By the way my slip ring failed recently and I had slz module replaced. All buttons work fine, but there is Driver restrain system fault. Is there any way I could recode the module using Insta+?
Thank you in advance!!


----------



## Elthox (Sep 10, 2015)

It alpears you coded acsm without properly removing all sensors and connectors of pedestrian


----------



## sharkisx (Jan 5, 2021)

Elthox said:


> It alpears you coded acsm without properly removing all sensors and connectors of pedestrian



Hmm. I thought I disconnected them all... How can I reach front centre sensor? That is a bit odd, because PPS fault disappeared.


----------



## Elthox (Sep 10, 2015)

I think bumper should be removed. After being 100% sure nothing is connected, code acsm again


----------



## sharkisx (Jan 5, 2021)

Elthox said:


> I think bumper should be removed. After being 100% sure nothing is connected, code acsm again



So I took the bumper off and disconnected the last sensor. After that went to E-sys and Coded ACSM module again. Then went to ISTA and cleared all the faults, but the faults are still on... 

What am I doing wrong?


----------



## Elthox (Sep 10, 2015)

Ignition under hood is not disconnected


----------



## sharkisx (Jan 5, 2021)

Elthox said:


> Ignition under hood is not disconnected


These are 4 PPS connectors that I hade disconnected under the hood
Plus one in the middle of the bumper and corner of the bamper.


----------



## Elthox (Sep 10, 2015)

Cant see Bonnet hinges if they are disconnected as well


----------



## sharkisx (Jan 5, 2021)

Yes they are. In one of those photos they are visible that they are disconnected. 
It's giving me a headache.....


----------



## Elthox (Sep 10, 2015)

Just perform test calculation wity ista. It will show you the right diagram of sensors for pedestrian


----------



## sharkisx (Jan 5, 2021)

Elthox said:


> Just perform test calculation wity ista. It will show you the right diagram of sensors for pedestrian


Done that before. I've got 6 sensors disconnected in total. 
While I had one sensor connected it was showing "pedestrian protection system front middle" fault, but I had it disconnected and it only shows the Ignition circuit fault which I don't know what's that


----------



## jrchavez97 (May 16, 2021)

shawnsheridan said:


> PM me TeamViewer login and I will fix it


i Have same issue i see the ACSM but see no green dot next to 3 codes. how can i inject the 3 CAFD


----------



## shawnsheridan (Jan 10, 2009)

jrchavez97 said:


> i Have same issue i see the ACSM but see no green dot next to 3 codes. how can i inject the 3 CAFD


Picture shows normal ACSM without issues.

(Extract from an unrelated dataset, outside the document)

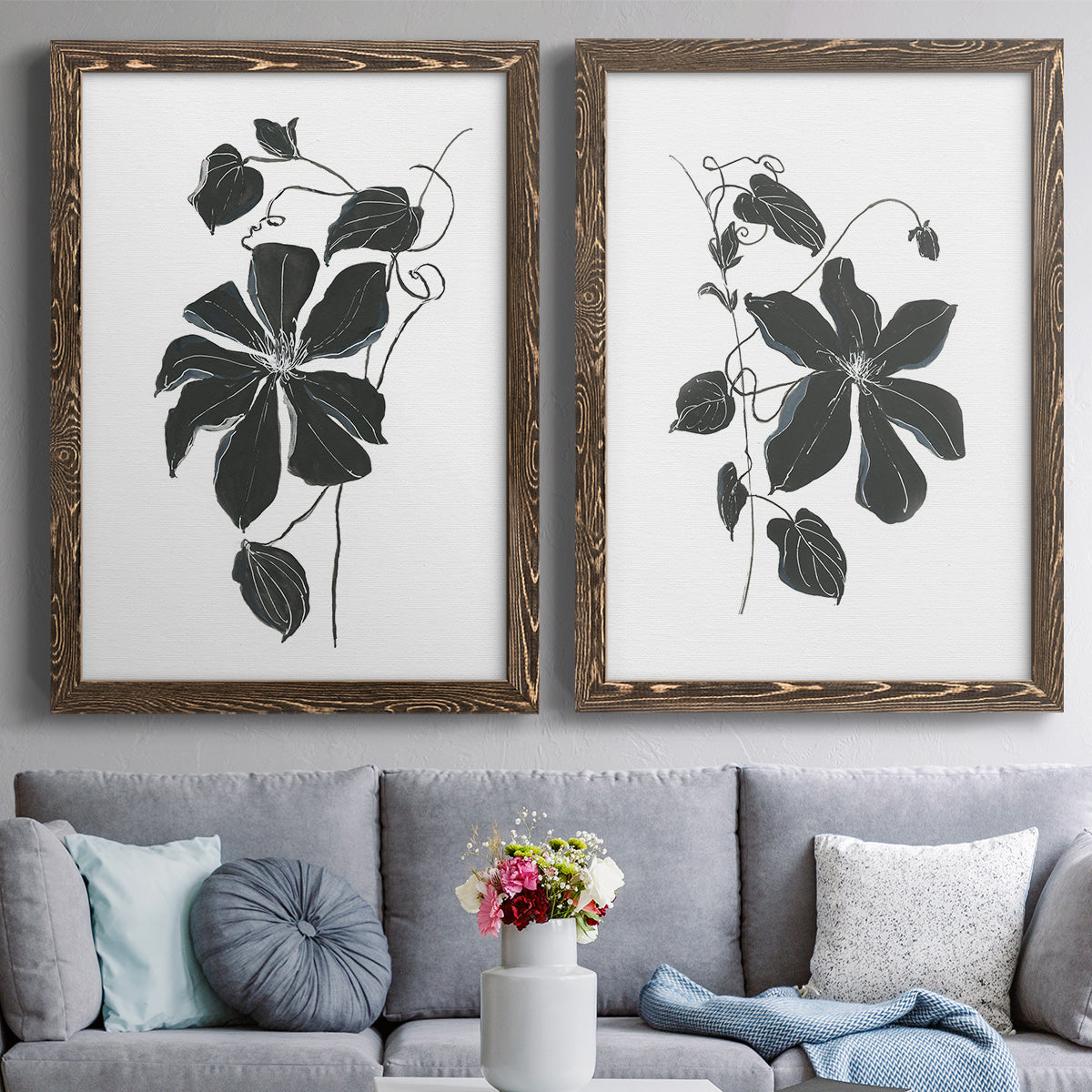 Set of two walnut barnwood framed canvas prints depicting paired minimalist botanical prints with bold dark leaves, curving stems, and clean white grounds above a sofa in a contemporary living room.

If you can code ACSM, there is NO reason to inject new CAFD. 

If you did actually have to inject CAFD into ACSM, you would use Detect CAF for SWE function and then select all 3 CAFD using Ctrl + Keys, and inject all 3.

* NOTE: Injecting CAFD (Detect CAF for SWE) and Flashing ECU's with >= v.4.17.20 PSdZData requires using newer E-Sys 3.30.0 or higher.


----------



## jrchavez97 (May 16, 2021)

shawnsheridan said:


> Picture shows normal ACSM without issues.
> 
> If you can code ACSM, there is NO reason to inject new CAFD.
> 
> ...


I keep getting the same 3 codes over and over even tho everything is in order. The airbag and seatbelt light wont clear. And i get error message on i drive


----------



## shawnsheridan (Jan 10, 2009)

jrchavez97 said:


> I keep getting the same 3 codes over and over even tho everything is in order. The airbag and seatbelt light wont clear. And i get error message on i drive


No idea what meaning of "same 3 codes" is. If ECU is codeable, then nothing is wrong with CAFD, 

You need to Lock ACSM,


----------



## jrchavez97 (May 16, 2021)

shawnsheridan said:


> No idea what meaning of "same 3 codes" is. If ECU is codeable, then nothing is wrong with CAFD,
> 
> You need to Lock ACSM,


By the same the 3 codes i mean fault codes everytime i scan the ecu i get the same 3 fault codes. Clear the fault codes and the fault codes instantly come back. By locking the acsm will it clear those fault codes making my error messages and dash lights go away? Ive used the transmitter in ESYS to reset it and the warning message comes back on.


----------



## shawnsheridan (Jan 10, 2009)

jrchavez97 said:


> By the same the 3 codes i mean fault codes everytime i scan the ecu i get the same 3 fault codes. Clear the fault codes and the fault codes instantly come back. By locking the acsm will it clear those fault codes making my error messages and dash lights go away? Ive used the transmitter in ESYS to reset it and the warning message comes back on.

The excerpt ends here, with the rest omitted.